Condemn the attacks on a small-town weekly newspaper

5

The accounts of a police raid at the Marion County Record, a newspaper in Kansas, are disturbing, not only to newsrooms across the country like ours here in Vineyard Haven, but to democracy worldwide.

According to major news outlets, police raided the weekly paper, seizing computers, phones, and other items from reporters, editors, and the owners, as well as a city official. A local judge gave permission for the search warrant based on information that a reporter at the paper had not properly accessed records about the driving records of a local businesswoman. But Record representatives say they legally accessed information from a public database, finding the woman was driving without a license after receiving a DUI. They shared those records with local officials, but never published anything about it. The paper had also investigated anonymous tips about sexual misconduct claims against the city’s police chief while at a previous job.

The county attorney, following broad condemnation of the seizures, ordered all of the materials to be returned to the newspaper. Miraculously, the Record was able to put out last week’s paper a few days after the raid — hobbling together stories with a sports reporter and a photographer’s computers — with the bold headline, “Seized … But Not Silenced” in a banner large-font headline. 

It’s a wild story, with more details fit to print, but to the greater question of why this is relevant to our Island, the raid leaves newspaper organizations across the country wondering: If we investigate a local police department, local officials, or local businesses, will law enforcement come pounding on our door? With newspapers already on shoestring budgets, can we afford court battles? Will our staff want to deal with that? What other news organizations have faced such retaliation, but didn’t make the mainstream media?

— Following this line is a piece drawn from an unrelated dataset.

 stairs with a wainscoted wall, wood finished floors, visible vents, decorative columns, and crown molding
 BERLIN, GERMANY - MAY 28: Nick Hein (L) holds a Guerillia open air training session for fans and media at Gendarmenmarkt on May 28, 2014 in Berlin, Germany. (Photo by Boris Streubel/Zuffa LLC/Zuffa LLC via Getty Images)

In the age of corporate takeovers, social media, artificial intelligence, and everything else, we hope that government and police overreach isn’t another slice against local newspapers in a death by a thousand cuts. According to the Hussman School of Journalism and Media, the country has lost a quarter of its newspapers, mostly weeklies, over the past two decades, an astonishing number. 

Newspapers, and the communities that they cover and protect, have never been in greater need of the courts to stop government overreach, which is exactly what didn’t happen in Marion, Kan.

The Times would like to be on record strongly condemning the police department’s actions, and to persuade any local law enforcement agency to never go to such lengths here. 

There are some similarities with The Times and the Record that are worth pointing out. The New York Times recently published a story that the Record was known by some in the community for being a bit of a troublemaker, or, as editor Eric Meyer said, they were doing their job as a “watchdog with aggressive reporting.” The New York Times story suggests that the raid was the culmination of some tension between the newspaper and some in the community. Unofficially, our newsroom here in Vineyard Haven has been described in those same dogged terms, committed to holding public officials accountable, a tag that we’re proud of. 

First, there is no indication that any local police department would ever raid The Times. Some of our work, which has been praised by regional press associations, includes uncovering embarrassing moments about our local police departments, and holding public officials accountable. And while accessing those records had its challenges, we were never raided. But what happened in Kansas does remind us of how fragile our democracy is, and how we’re not far off from some countries where state media rules the day, and independent journalists are constantly under attack, if not killed. It only takes a reckless police chief and a bad judge.

In fairness, raids on newspaper organizations are incredibly rare in the U.S., because they are illegal. There are broad protections against news organizations. Police can access a search warrant when someone’s life might be at stake, or if staff broke the law, but that’s after all other investigative options have been exhausted, which doesn’t seem to have happened in Kansas. 

There’s also been broad support for the Record. According to the editor, their subscribers have grown by 50 percent, with new readers from around the world buying subscriptions. 

And First Amendment and press advocates have shown their support. The Reporters Committee for Freedom of the Press sent a letter, signed by many national media outlets, to the Marion Police Department, condemning their actions. The letter states that seizing the equipment substantially interfered with the Record’s “First Amendment–protected newsgathering,” and risked “chilling the free flow of information in the public interest more broadly.”

We’re hopeful the reaction to the raids will further dispel any ideas of doing it again, whether in Kansas or here on the Vineyard.